*Work order:* What follows is a set of records. Repeat them word for word.

[Short text fragments from websites]
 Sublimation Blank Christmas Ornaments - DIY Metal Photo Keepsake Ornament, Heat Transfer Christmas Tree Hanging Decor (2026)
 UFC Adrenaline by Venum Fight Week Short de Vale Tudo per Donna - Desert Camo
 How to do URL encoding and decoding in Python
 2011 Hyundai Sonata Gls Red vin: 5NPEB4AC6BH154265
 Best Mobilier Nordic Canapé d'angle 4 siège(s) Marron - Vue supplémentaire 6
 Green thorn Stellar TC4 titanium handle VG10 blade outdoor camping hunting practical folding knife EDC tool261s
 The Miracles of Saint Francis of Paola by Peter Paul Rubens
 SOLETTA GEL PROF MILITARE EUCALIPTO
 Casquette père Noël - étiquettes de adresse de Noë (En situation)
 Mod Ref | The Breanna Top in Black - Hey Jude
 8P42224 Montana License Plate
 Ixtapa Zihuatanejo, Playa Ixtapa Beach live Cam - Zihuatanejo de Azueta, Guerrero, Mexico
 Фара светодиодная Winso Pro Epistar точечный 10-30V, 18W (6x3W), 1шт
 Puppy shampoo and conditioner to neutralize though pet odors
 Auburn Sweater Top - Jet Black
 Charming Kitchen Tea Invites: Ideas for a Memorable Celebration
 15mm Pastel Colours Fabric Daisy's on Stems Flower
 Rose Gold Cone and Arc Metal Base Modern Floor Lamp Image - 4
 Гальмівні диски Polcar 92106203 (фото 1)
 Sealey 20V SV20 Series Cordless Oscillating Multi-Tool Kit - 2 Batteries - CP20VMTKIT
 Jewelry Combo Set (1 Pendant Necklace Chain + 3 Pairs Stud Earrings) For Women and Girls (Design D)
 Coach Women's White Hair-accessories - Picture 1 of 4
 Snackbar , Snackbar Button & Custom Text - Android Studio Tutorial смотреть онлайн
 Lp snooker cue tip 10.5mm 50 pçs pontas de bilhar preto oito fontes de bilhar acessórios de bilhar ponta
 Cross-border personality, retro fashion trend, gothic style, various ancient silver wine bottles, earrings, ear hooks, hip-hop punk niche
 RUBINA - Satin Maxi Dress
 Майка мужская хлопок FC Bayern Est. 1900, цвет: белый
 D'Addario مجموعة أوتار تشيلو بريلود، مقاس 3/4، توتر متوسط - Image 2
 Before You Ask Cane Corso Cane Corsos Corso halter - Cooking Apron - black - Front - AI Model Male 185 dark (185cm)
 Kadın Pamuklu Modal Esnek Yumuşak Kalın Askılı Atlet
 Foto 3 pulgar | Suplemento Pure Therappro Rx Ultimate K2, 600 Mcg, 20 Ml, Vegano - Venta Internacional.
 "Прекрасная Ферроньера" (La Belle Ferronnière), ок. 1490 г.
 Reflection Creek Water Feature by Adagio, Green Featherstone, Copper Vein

*Output of the exercise:*
 Sublimation Blank Christmas Ornaments - DIY Metal Photo Keepsake Ornament, Heat Transfer Christmas Tree Hanging Decor (2026)
 UFC Adrenaline by Venum Fight Week Short de Vale Tudo per Donna - Desert Camo
 How to do URL encoding and decoding in Python
 2011 Hyundai Sonata Gls Red vin: 5NPEB4AC6BH154265
 Best Mobilier Nordic Canapé d'angle 4 siège(s) Marron - Vue supplémentaire 6
 Green thorn Stellar TC4 titanium handle VG10 blade outdoor camping hunting practical folding knife EDC tool261s
 The Miracles of Saint Francis of Paola by Peter Paul Rubens
 SOLETTA GEL PROF MILITARE EUCALIPTO
 Casquette père Noël - étiquettes de adresse de Noë (En situation)
 Mod Ref | The Breanna Top in Black - Hey Jude
 8P42224 Montana License Plate
 Ixtapa Zihuatanejo, Playa Ixtapa Beach live Cam - Zihuatanejo de Azueta, Guerrero, Mexico
 Фара светодиодная Winso Pro Epistar точечный 10-30V, 18W (6x3W), 1шт
 Puppy shampoo and conditioner to neutralize though pet odors
 Auburn Sweater Top - Jet Black
 Charming Kitchen Tea Invites: Ideas for a Memorable Celebration
 15mm Pastel Colours Fabric Daisy's on Stems Flower
 Rose Gold Cone and Arc Metal Base Modern Floor Lamp Image - 4
 Гальмівні диски Polcar 92106203 (фото 1)
 Sealey 20V SV20 Series Cordless Oscillating Multi-Tool Kit - 2 Batteries - CP20VMTKIT
 Jewelry Combo Set (1 Pendant Necklace Chain + 3 Pairs Stud Earrings) For Women and Girls (Design D)
 Coach Women's White Hair-accessories - Picture 1 of 4
 Snackbar , Snackbar Button & Custom Text - Android Studio Tutorial смотреть онлайн
 Lp snooker cue tip 10.5mm 50 pçs pontas de bilhar preto oito fontes de bilhar acessórios de bilhar ponta
 Cross-border personality, retro fashion trend, gothic style, various ancient silver wine bottles, earrings, ear hooks, hip-hop punk niche
 RUBINA - Satin Maxi Dress
 Майка мужская хлопок FC Bayern Est. 1900, цвет: белый
 D'Addario مجموعة أوتار تشيلو بريلود، مقاس 3/4، توتر متوسط - Image 2
 Before You Ask Cane Corso Cane Corsos Corso halter - Cooking Apron - black - Front - AI Model Male 185 dark (185cm)
 Kadın Pamuklu Modal Esnek Yumuşak Kalın Askılı Atlet
 Foto 3 pulgar | Suplemento Pure Therappro Rx Ultimate K2, 600 Mcg, 20 Ml, Vegano - Venta Internacional.
 "Прекрасная Ферроньера" (La Belle Ferronnière), ок. 1490 г.
 Reflection Creek Water Feature by Adagio, Green Featherstone, Copper Vein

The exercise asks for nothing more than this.